Negocios y literatura

El término “allrightnik”, utilizado en inglés para indicar a quien prospera en los negocios, es en realidad un préstamo morfológico del yiddish. En literatura muchos o pocos se llevan el lauro del comercio y las ventas. Son más que escritores ejecutivos. Más escribidores que escritores. Más oficinistas que artistas. Un escritor debe saber componer la frase y el párrafo, poseer instinto de forma, deliberar una estructura, y una evidencia retórica hacia la belleza o la grandeza o el mito. La prosa de La Catedral del mar, del aficionado Ildefonso Falcones, parece garbanzos renegridos, un torpe mecanografiado de sucesivos tópicos expresivos y avulgaradas aventuras embutida en una monótona sintaxis.

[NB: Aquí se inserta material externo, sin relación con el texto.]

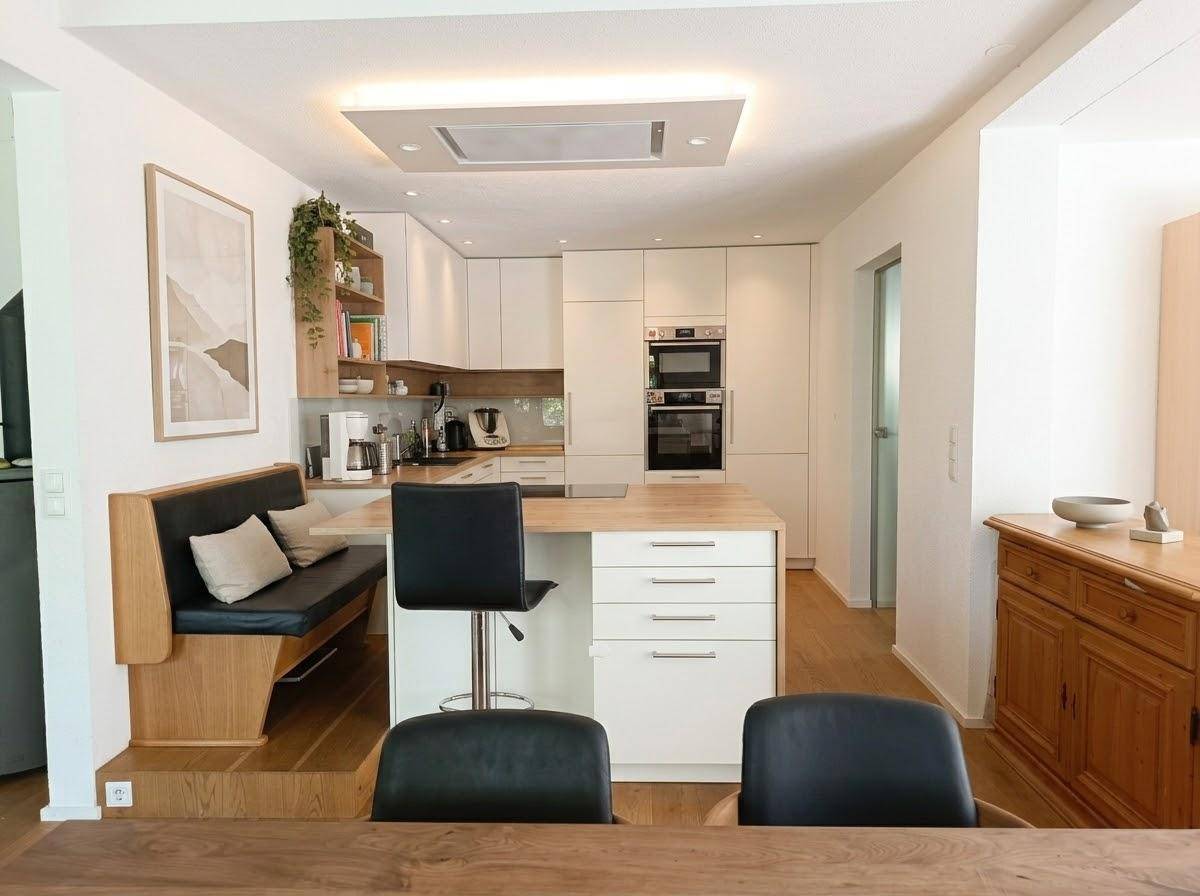 Moderne Einbauküche mit Kochinsel, integrierten Geräten und gemütlicher Essecke.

El valor en royalties de su libro es inversamente proporcional al valor estético, o intelectual, o sapiencial. Literatura para cajeras de Carrefour. Literatura de taller grueso y a granel. Épica de espárrago seco. Obrador literario sin sorpresas o altura. Parece que los lectores de ahora prefieren un cucurucho de grasientas patatas fritas en un puesto callejero a un menú en Bucase. Parece que buscan piedras o balas duras dentro del budín. El triunfo de la literatura mundial es un triunfo que juega muy a la baja, y cada vez más a la baja.